In any case, given the amount of windows I have open most of the time, I actually require a tremendous amount of desktop real estate. Rather than give up my old CRT, I decided to run it side by side with the new monitor. In some ways, you'd think having two monitors might be confusing, but the increase in productivity is sort of startling. For example, when developing Web pages, I can edit the HTML code on one monitor and use the other monitor to preview the Web page.
This dual monitor arrangement was easy to set up in Windows XP, but you do need to have the right hardware to make it all work. In my case, I wanted to run the new monitor with a digital (DVI) connection, so I got a video card that has two connectors -- both an analog and a DVI. If you don't opt for that type of card, you can actually set up a dual monitor system with two video cards.
In any case, telling Windows about my second monitor was easy. Generally one monitor is the "primary" display where you log on. It also has your Start menu and Task bar. As you open windows, you can then move them onto the second display. Windows remembers where you want the window the next time you run the software.
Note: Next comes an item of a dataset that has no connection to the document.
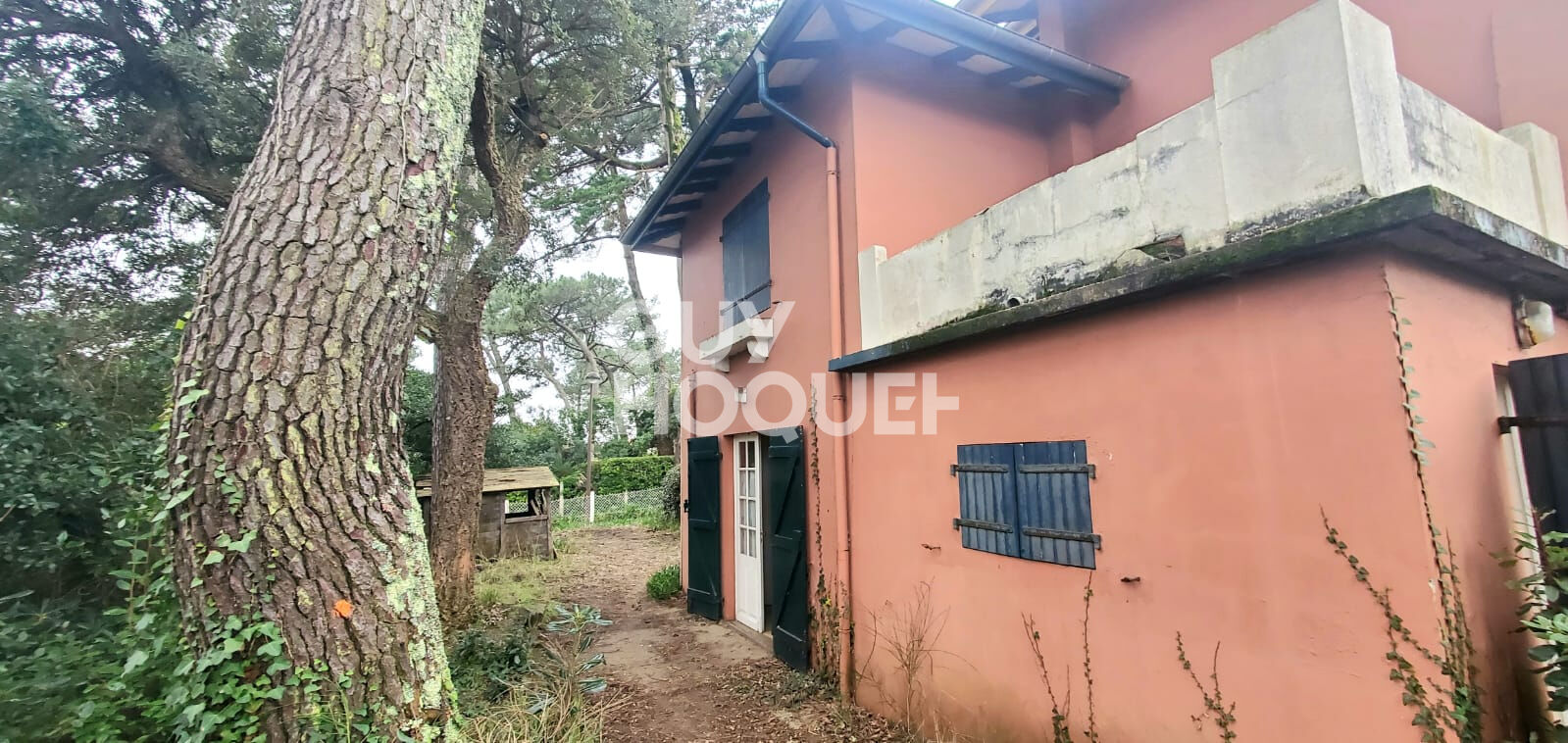 Appartement duplex avec jardinet privatif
Alternatively, you can set up your display to act like one very wide monitor.
After you connect the new monitor, Windows detects it and installs the drivers. After that, you use Control Panel to configure the settings by choosing Start|Settings|Control Panel|Display. In the Settings tab, the first thing you want to do is determine which monitor is which. Click Identify and Windows puts a huge number on each monitor. Then click the monitor icons to change the settings. The two monitors don't need to run using the same settings. In fact, my old monitor is running at 1024x768 and the new one runs at 1280 x 1024.
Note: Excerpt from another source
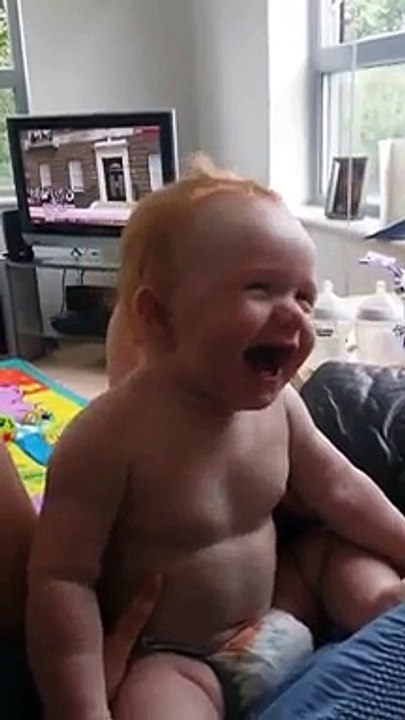 Kedi Sesi Duyunca Ağlamaya Başlayan Bebek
Although I'm still learning more ways that having two monitors can be useful, I'm already sure that for the type of work I do, it's incredibly helpful. Today I did the layout for a monthly newsletter. I had several Word documents open on one monitor and Photoshop and InDesign windows open on the other. It was cool.
Sure two monitors may have seemed like a luxury at first, but I definitely don't want to go back to using just one monitor ever again.